Good Darkseid stories are not about Darkseid punching people, because that’s not what he’s there to do.  There are a lot of villains that can punch people.  Darkseid is smarter, more merciless, more calculating, better equipped, and better prepared.  And he’s virtually invincible, practically immortal, and can atomize stuff by thinking about looking at it.  He’s supposed to be the sort of force of nature that can be checked, but not stopped, and slowing down his attempts to unlock a mathematical formula that accomplishes something a great deal like literal omnipotence – even if it’s kind of stupidly named (see also “Darkseid”) – is supposed to be a Big Victory for the heroes.  It’s like going the distance against Apollo Creed.  Wrecking the guy’s plan is spitting in the eye of the devil.

So let’s have a word about Justice League:  War.
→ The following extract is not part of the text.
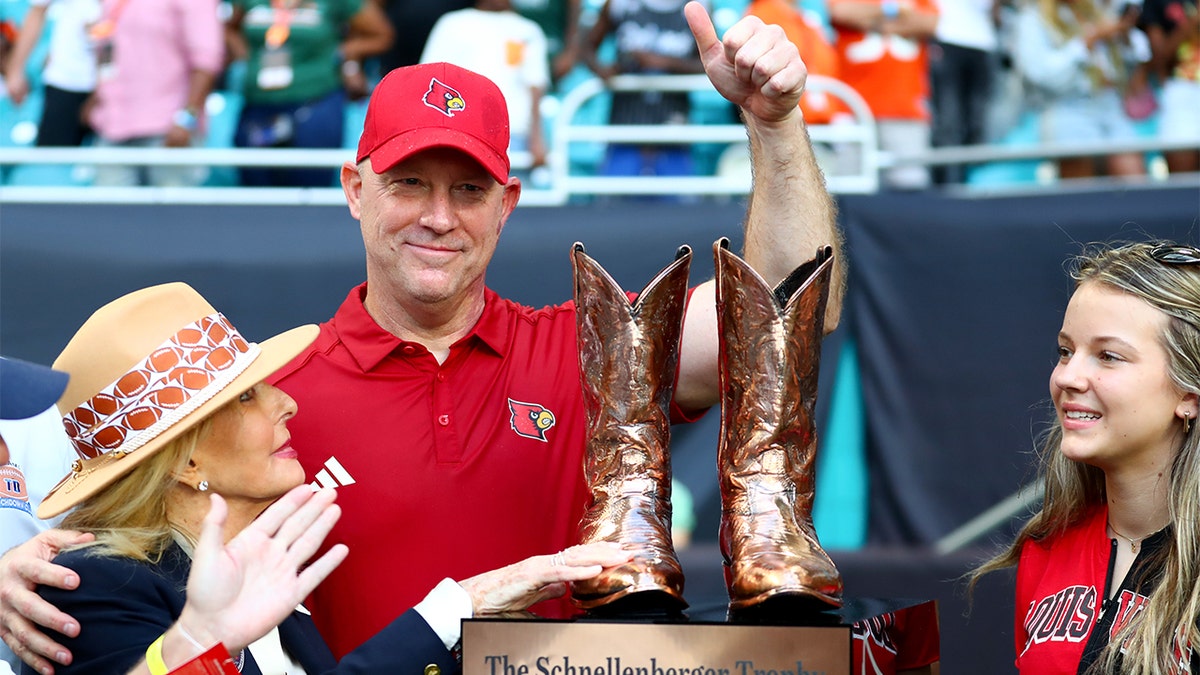 Jeff Brohm with The Schnellenberger Trophy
War is based on the New 52 Justice League, and follows a planetary invasion of Earth by Apokolips [sic], the arrival of Darkseid, the formation of the Justice League, the defeat of Darkseid, and the repulsion of Apokolips by Earth in like an hour of movie time.  It’s not… bad, really, but it’s really fast, relies on some unfortunate characterizations, and more or less uses Darkseid as That Guy Who Shoots Lasers.  It’s weird (and maybe a little sad) that the Superman adventure show intended for children handled Darkseid better, but it kind of did.